My Husband Mocked Me For Being Tired, Claimed Being A Stay-At-Home Dad Was “Easy,” And Then Outsourced The Whole Job To His Mom

Before we had our son, Daniel always rolled his eyes when people said stay-at-home parenting was hard. He’d say things like, “How hard can it be? Feed the baby, clean, nap when they nap.”

Then, during my second year of maternity leave, he sat me down all serious and said, “I think it’s time you go back to work. I’ll stay home — it’s only fair. You’ve had a year of rest.”

I felt weirdly guilty but missed my job, so I said yes. And, at first, it seemed perfect.

Every day while I was at the office, he’d text me updates: “Laundry’s going while the baby naps!” or “Made soup!” or “Read three books — crushed it.”

I’d come home to a clean house, dinner on the stove, and a calm baby. I even started thinking maybe he was right. Maybe I had made it harder than it was. Maybe I was just inefficient and he was naturally better at this. I started to feel like a failure as a mother.

The Unraveling But the day his mom called me, everything unraveled. Her voice was cheerful, but her next words froze my blood.

“Hi honey! I just wanted to check if Daniel liked the pot roast I made yesterday? I forgot to season the carrots, I was in such a rush to get the laundry folded before you got home.”

I pulled the phone away from my ear, staring at it. “Wait,” I said slowly. “You made the roast? And did the laundry?”

“Oh yes!” she chirped. “I’ve been going over every morning around 9:00 AM to help out. Daniel said he needed to focus on his ‘projects’ in the office, so I watch the baby and tidy up. It’s been so nice to bond with my grandson!”

I felt the rage build in my chest like a physical weight. Daniel hadn’t been “crushing it.” He hadn’t been proving me wrong. He had been playing video games in his office for eight hours a day while his mother did all the housework and childcare, and then he was taking credit for it to make me feel inadequate.

The Confrontation I left work early. I drove home and walked quietly into the house. The living room was spotless (thanks, MIL). I walked up to the “office” door and threw it open.

There was Daniel, headset on, shouting at his computer screen, immersed in a video game. He jumped when he saw me.

“Honey! You’re home early!” He scrambled to take off his headset. “I was just… uh… researching recipes.”

“Your mom called,” I said, my voice deadly calm. “She wanted to know if we liked the pot roast she made.”

Daniel turned pale.

“She told me everything, Daniel. She told me she’s here from 9 to 4 every day doing the laundry, cleaning the house, and raising our son while you sit in here and play games.

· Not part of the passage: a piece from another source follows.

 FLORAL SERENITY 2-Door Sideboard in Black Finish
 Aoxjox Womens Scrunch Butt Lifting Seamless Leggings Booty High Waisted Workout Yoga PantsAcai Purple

And then you have the audacity to text me and brag about how ‘easy’ it is?”

The Aftermath He tried to stammer out an excuse about needing “adjustment time,” but I wasn’t hearing it.

I gave him an ultimatum: I called his mother right then and there, thanked her profusely for her help, but told her that starting tomorrow, Daniel insisted on doing it all by himself to “prove he could.”

Then I looked at him. “You want to prove it’s easy? Fine. No help. No mom. Just you, the baby, and the housework. One week.”

He lasted three days. By Wednesday, the house was a disaster, we were ordering takeout, and he looked like he hadn’t slept in a week. He apologized profusely on Thursday night, admitting that he had no idea how I did it for a year. He never rolled his eyes at parenting again.